§ Exercise requirements: Give back the listing in full and exactly, leaving out the images.

§ Data in this exercise:
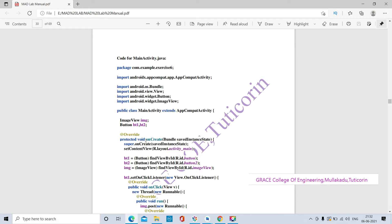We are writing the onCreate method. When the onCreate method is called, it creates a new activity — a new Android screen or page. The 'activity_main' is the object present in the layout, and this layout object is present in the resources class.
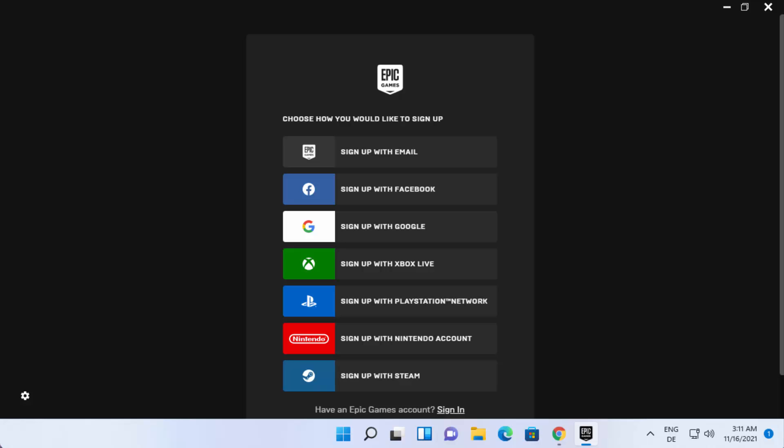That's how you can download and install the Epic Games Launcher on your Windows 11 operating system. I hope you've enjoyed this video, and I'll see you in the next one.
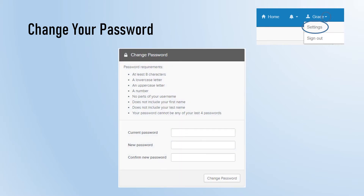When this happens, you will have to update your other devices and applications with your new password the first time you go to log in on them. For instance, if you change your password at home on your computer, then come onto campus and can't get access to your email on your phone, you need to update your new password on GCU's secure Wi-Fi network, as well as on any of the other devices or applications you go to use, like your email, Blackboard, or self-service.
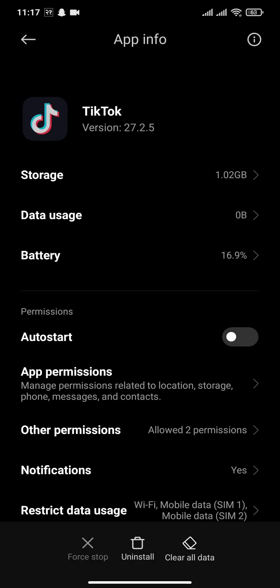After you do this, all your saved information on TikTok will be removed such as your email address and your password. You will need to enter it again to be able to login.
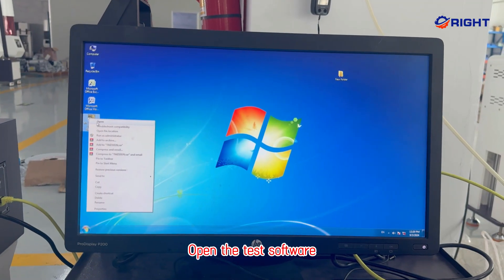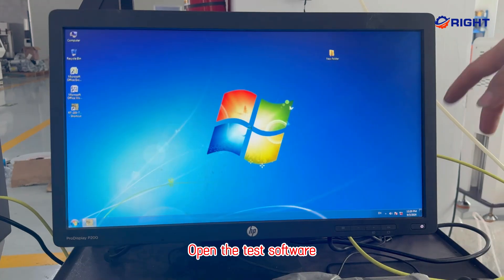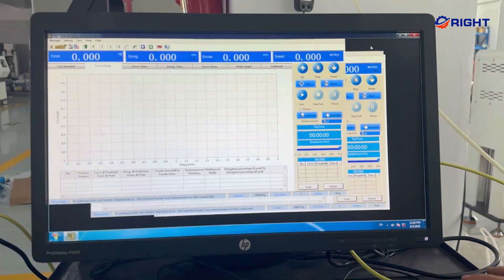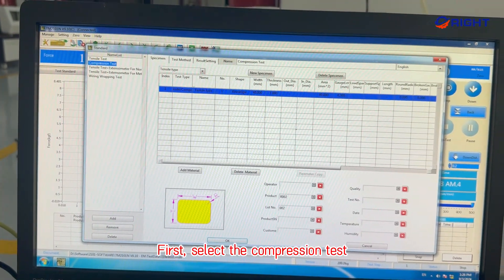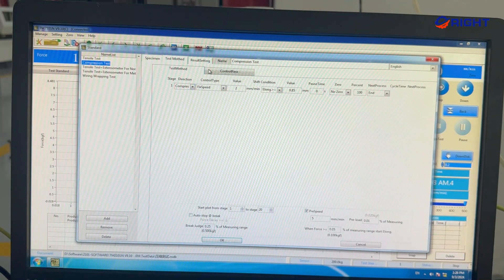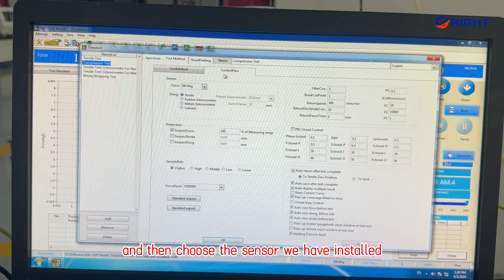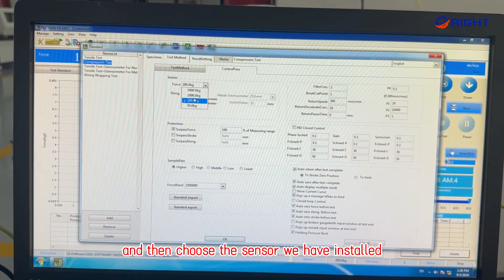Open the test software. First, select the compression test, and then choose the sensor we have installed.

§ Response box:
We are writing the onCreate method. When the onCreate method is called, it creates a new activity — a new Android screen or page. The 'activity_main' is the object present in the layout, and this layout object is present in the resources class.
That's how you can download and install the Epic Games Launcher on your Windows 11 operating system. I hope you've enjoyed this video, and I'll see you in the next one.
When this happens, you will have to update your other devices and applications with your new password the first time you go to log in on them. For instance, if you change your password at home on your computer, then come onto campus and can't get access to your email on your phone, you need to update your new password on GCU's secure Wi-Fi network, as well as on any of the other devices or applications you go to use, like your email, Blackboard, or self-service.
After you do this, all your saved information on TikTok will be removed such as your email address and your password. You will need to enter it again to be able to login.
Open the test software. First, select the compression test, and then choose the sensor we have installed.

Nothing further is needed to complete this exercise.